======== Supplied information

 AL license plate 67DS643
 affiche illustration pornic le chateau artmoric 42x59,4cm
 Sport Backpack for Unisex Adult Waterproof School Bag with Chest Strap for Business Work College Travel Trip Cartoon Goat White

================

## Exercise aim
Your answer must be the complete data, repeated word for word.

## The answer
 AL license plate 67DS643
 affiche illustration pornic le chateau artmoric 42x59,4cm
 Sport Backpack for Unisex Adult Waterproof School Bag with Chest Strap for Business Work College Travel Trip Cartoon Goat White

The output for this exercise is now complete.